Asia CanTech 2013 – Surabaya
With over 110 can makers in attendance, exhibitors and delegates alike reported that the event, held at the Marriott hotel in Surabaya, Indonesia, was extremely valuable.
The top-level keynote speakers delivered constructive insight into the current state of the can making industry.
From the delegate feedback sheets, all participants were very satisfied or satisfied with the quality of the speakers and believed content was appropriate and informative. 97 per cent believed that staff were professional, helpful and courteous and 100 per cent would recommend Asia CanTech to others.
The only delegates noting they won’t be attending next year quoted reasons such as ‘only focused on domestic market’ or ‘retirement from the industry’. 97 per cent rated the event good, very good or excellent compared to others in the industry, with 70 per cent noting very good or excellent.

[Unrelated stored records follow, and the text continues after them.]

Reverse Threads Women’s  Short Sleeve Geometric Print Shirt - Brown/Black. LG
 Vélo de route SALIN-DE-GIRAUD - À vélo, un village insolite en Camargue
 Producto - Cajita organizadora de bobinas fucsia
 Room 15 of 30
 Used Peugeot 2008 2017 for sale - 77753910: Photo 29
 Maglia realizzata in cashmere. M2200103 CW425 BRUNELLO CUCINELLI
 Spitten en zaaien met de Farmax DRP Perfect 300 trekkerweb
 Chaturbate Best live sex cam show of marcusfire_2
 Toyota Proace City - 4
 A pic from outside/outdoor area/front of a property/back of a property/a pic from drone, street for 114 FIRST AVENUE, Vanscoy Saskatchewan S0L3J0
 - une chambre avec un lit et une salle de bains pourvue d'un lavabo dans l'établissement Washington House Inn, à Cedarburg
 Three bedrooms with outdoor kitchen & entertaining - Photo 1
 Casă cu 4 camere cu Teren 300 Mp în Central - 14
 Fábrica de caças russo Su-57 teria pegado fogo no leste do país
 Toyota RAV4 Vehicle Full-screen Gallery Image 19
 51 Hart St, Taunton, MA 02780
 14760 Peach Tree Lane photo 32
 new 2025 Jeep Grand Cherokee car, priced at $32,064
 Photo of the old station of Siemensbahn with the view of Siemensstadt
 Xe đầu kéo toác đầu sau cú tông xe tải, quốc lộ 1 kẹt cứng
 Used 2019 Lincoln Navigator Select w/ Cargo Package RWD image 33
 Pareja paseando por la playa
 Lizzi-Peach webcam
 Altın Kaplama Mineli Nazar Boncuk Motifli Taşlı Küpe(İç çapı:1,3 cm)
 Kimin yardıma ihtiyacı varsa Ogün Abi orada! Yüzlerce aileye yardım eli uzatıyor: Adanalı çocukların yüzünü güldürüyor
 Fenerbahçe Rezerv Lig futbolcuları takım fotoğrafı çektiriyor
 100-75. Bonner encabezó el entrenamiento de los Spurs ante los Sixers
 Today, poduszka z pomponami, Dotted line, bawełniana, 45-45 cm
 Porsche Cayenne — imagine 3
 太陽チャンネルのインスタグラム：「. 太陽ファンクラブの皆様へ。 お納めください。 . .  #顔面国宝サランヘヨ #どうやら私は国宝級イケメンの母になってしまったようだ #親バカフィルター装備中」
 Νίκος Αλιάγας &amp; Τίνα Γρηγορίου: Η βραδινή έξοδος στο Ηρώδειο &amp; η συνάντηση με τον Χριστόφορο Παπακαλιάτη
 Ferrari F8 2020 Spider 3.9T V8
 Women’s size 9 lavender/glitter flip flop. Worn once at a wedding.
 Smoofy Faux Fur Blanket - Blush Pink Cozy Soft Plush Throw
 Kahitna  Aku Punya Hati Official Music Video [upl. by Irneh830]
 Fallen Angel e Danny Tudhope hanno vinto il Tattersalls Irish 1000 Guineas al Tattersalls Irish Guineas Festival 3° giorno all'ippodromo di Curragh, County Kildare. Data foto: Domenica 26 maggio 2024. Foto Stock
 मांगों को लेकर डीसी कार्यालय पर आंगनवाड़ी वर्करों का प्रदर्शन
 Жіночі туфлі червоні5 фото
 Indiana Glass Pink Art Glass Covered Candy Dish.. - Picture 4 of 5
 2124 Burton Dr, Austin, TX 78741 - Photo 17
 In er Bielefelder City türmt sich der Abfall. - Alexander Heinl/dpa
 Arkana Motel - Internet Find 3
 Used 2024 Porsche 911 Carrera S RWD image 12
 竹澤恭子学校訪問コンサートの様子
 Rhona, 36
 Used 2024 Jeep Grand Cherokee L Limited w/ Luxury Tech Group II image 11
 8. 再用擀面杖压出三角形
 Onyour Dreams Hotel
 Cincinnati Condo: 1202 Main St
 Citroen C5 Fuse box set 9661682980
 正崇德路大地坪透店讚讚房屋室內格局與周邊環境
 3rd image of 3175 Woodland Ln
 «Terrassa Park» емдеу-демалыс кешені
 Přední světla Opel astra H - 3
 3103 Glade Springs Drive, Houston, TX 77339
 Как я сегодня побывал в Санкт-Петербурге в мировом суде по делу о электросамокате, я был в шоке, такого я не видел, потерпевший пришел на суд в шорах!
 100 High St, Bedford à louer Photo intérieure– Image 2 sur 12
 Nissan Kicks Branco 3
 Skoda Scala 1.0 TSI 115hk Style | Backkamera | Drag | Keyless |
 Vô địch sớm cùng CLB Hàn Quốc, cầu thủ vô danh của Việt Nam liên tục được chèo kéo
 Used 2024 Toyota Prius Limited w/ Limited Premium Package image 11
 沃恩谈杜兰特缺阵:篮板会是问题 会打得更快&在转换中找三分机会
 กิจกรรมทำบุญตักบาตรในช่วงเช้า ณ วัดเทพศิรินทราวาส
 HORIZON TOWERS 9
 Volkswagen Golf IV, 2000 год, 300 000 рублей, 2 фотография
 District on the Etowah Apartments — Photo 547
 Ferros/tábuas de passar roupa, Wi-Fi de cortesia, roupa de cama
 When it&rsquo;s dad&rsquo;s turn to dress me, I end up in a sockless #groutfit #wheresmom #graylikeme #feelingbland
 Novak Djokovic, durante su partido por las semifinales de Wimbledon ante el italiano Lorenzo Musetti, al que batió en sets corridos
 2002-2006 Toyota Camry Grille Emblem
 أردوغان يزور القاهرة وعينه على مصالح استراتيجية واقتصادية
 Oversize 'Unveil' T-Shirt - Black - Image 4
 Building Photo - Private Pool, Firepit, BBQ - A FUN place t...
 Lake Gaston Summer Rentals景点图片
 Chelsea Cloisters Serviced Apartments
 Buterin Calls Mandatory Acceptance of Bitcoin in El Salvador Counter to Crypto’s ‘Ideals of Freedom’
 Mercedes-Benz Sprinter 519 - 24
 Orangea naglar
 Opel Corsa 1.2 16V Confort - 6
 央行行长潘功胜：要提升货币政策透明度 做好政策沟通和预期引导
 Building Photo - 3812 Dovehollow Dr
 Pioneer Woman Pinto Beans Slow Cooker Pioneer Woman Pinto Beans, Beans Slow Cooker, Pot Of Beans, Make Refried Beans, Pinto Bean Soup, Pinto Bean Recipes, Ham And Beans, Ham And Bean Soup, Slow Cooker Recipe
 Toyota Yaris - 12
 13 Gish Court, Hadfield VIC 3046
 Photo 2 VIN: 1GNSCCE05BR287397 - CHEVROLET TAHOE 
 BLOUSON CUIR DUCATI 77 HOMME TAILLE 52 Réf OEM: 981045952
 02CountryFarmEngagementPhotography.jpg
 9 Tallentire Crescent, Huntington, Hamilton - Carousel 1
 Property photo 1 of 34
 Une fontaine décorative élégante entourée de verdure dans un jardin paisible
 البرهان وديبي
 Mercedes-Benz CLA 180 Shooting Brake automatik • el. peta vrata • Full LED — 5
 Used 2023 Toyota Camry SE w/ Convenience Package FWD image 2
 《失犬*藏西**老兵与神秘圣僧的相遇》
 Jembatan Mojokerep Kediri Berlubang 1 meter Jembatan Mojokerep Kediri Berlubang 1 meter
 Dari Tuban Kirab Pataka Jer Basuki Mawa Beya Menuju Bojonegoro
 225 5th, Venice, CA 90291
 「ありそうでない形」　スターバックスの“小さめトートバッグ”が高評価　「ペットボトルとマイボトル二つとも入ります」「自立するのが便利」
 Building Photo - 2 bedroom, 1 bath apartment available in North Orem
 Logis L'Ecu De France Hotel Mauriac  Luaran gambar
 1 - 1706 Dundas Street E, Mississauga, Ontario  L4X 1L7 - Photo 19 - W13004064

The event in 2014 will take place in Bangkok 27-29 October. It is already proving popular with more than half of the presentation slots booked.
Aluminium bottle market
Hiroshi Ueno, general manager of marketing at Universal Can, spoke about the aluminium bottle market in Japan and Asia.
“We emphasise the new look metal bottle with the wide opening, inner pressure and aluminium metal benefits to our customers. The bottle has a cap size of 33 or 38 mm diameter. The shape is eye-catching and it is easier for consumers to drink and pour smoothly even when the beverage contains solids.”
He noted that the aluminium bottles have a good top-note, enabling customers to smell through the nose while drinking. The inner pressure releases gas with its aroma when opening. Finally, the aluminium bottle (ALB) has a good barrier against light and oxygen, which gives a better shelf-life and is light weight and highly recyclable.
Ueno gave an overview of the metal bottle market for beverages. In Japan, the quantity filled in 2012 was 2,291 million, which is a 102 per cent increase on 2011. The primary products include black or milk coffee, tea and juice. The second largest market is the US where 700 million bottle cans were filled in 2012. This was an increase of 290 per cent on 2011, primarily for the beer and energy drinks markets. South Korea is also prominent with 104 million, an increase of 114 per cent, for coffee and tea products.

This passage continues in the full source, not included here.